The previous entry in this series considered the paradox of humans demonstrating natural aptitude in domains—such as software engineering or aviation—that lack any plausible evolutionary precedent. Here, we extend that inquiry in a distinct direction: if humans can be "naturally good" at recent inventions, can the inverse be true? Is it possible to design a system so thoroughly disaligned with human capabilities that no one is naturally adept at it? Or do all technologies, by virtue of being conceived and iterated by humans, inevitably remain within reach of some subset of the population?

II. The Anthropocentric Loop

Virtually all contemporary tools and interfaces emerge within a recursive and self-selecting design environment. Designers are human, beta testers are human, and success is measured by human uptake. This produces an anthropocentric loop: if a tool or interface proves illegible to its intended users, it is reworked, discarded, or abandoned. Legibility—whether semantic (programming syntax), visual (icons and metaphors), or ergonomic (control layouts)—is not a byproduct, but a prerequisite for persistence.

This feedback cycle ensures that technologies that survive the design process tend to be intuitively graspable by at least a minority of users. Even seemingly arbitrary conventions become embedded: from QWERTY keyboards to the graphic metaphor of "desktop folders," design decisions evolve in tandem with human interpretive limits.

III. Deliberate Obfuscation and Anti-Usability

To subvert this legibility requires intentional resistance. Consider the phenomenon of esoteric programming languages ("esolangs"), such as Brainfuck or INTERCAL. These systems are built to be confusing, inelegant, and unusable by conventional standards. Their syntax is opaque, their structure non-intuitive, and their output unpredictable to the uninitiated.

Yet even these anti-tools attract small communities of enthusiasts. Mastery is difficult but not impossible. This suggests that total unintelligibility—even when actively pursued—is difficult to achieve. There remains a minimum substrate of human-parsable logic beneath even the most alienating design.

IV. Randomness and the Threshold of Skill

Another route toward non-navigability lies in systems governed by chance rather than deterministic logic. Games of pure luck—roulette, lotteries, certain slot machines—defy strategic mastery. Still, humans routinely perceive patterns where none exist, deriving "lucky streaks," rituals, or numerological schemes to manage the perceived risk.
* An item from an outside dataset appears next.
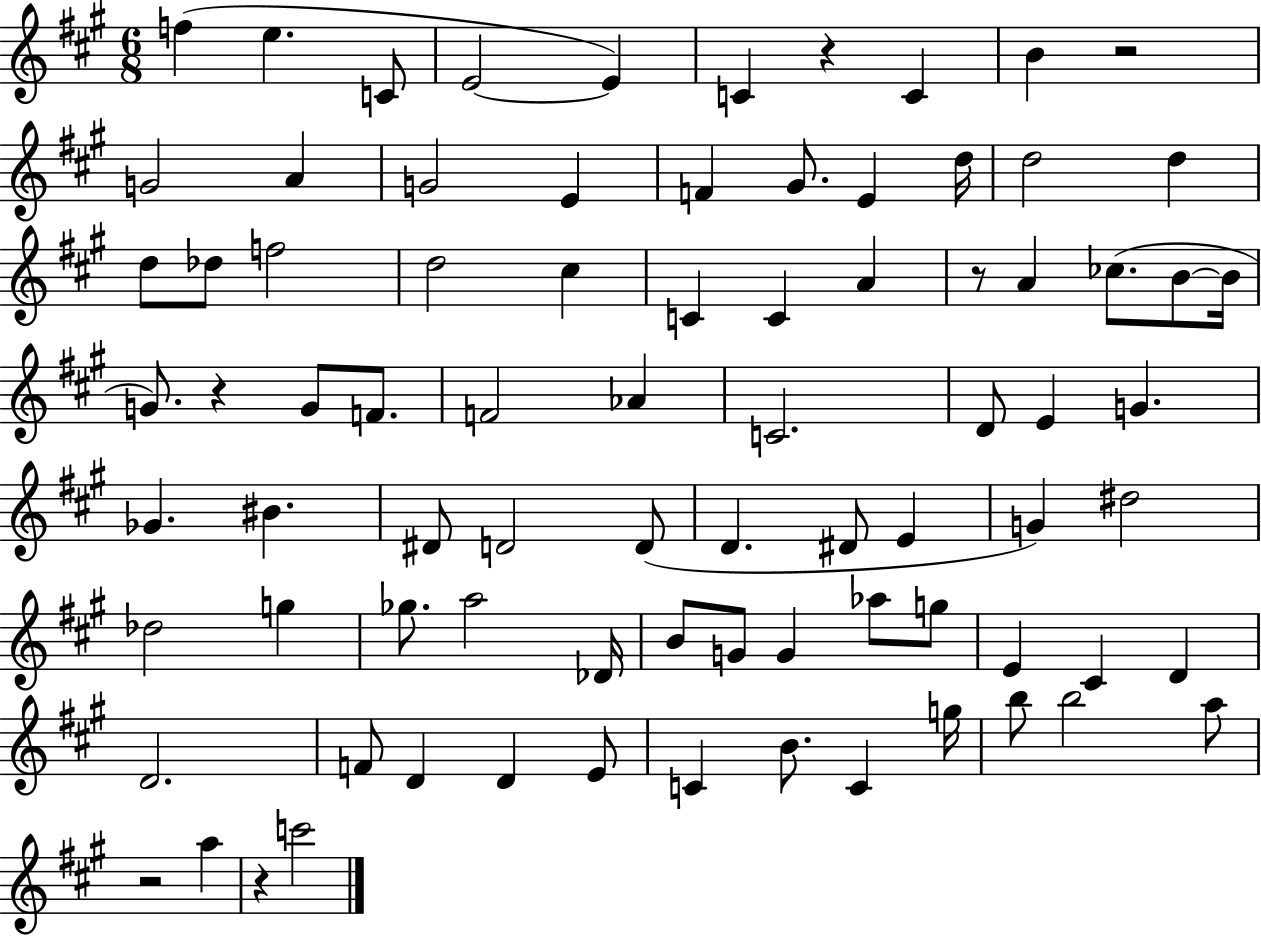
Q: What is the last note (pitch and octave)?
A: C6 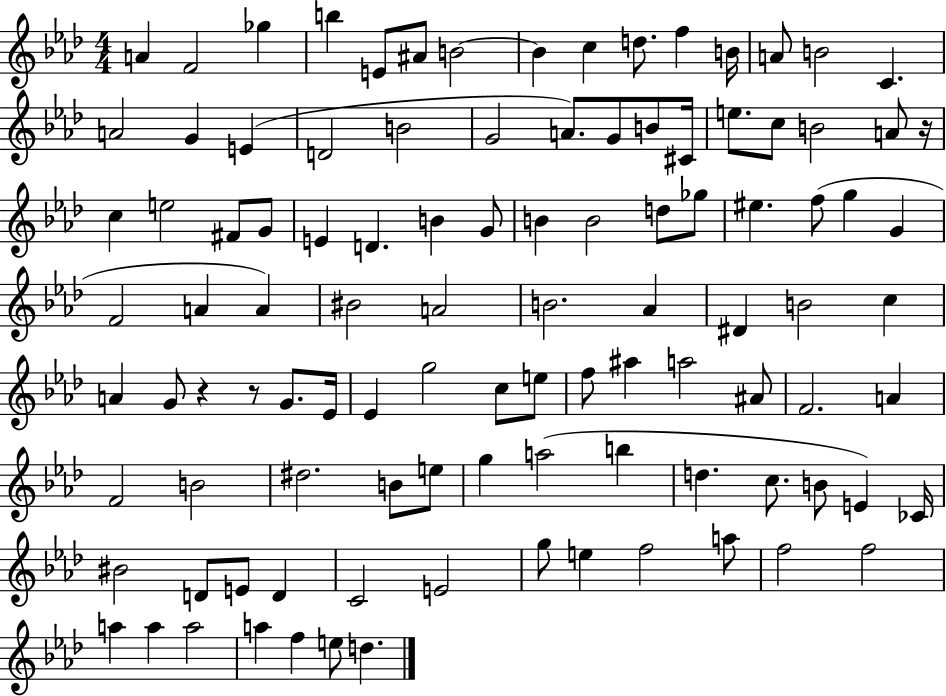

Importantly, these domains often generate a false sense of skill. Even when outcomes are entirely probabilistic, humans impose narrative and causality. While no one may be innately good at guessing a random number, some may be unusually resistant to cognitive biases such as gambler’s fallacy—arguably a kind of meta-skill within randomness itself.

V. The Limits of Alienation

If total opacity is difficult to sustain even when engineered, then perhaps the threshold lies not in design but in perceptual non-correspondence. Interfaces that fail to map onto visual, tactile, or conceptual metaphors may resist intuitive use. A system operating entirely on infrasound, imperceptible light frequencies, or hyperdimensional topology might challenge not just cognition but sensation itself. Still, as long as the mechanism remains physically accessible, some form of pattern recognition may emerge.

In this view, human cognition acts less like a brittle codebase and more like a probabilistic engine: given sufficient exposure and feedback, it generates strategies—even in domains without precedent.

Conclusion

It remains an open question whether total un-usability is a viable design outcome. So far, even our most obscure tools remain legible to a fringe. Whether this is a product of neural plasticity, cultural overfitting, or statistical variation among cognitive profiles, it points to a striking conclusion: humans are hard to lock out.

Future entries in this series will consider whether this adaptability persists across time or across species—exploring what happens when the human subject is either displaced by non-human cognition or transplanted into a technological ecosystem not of its own making. For now, the second paradox stands: while we can be naturally good at synthetic skills, it may be nearly impossible to construct synthetic tools that no one can be naturally good at.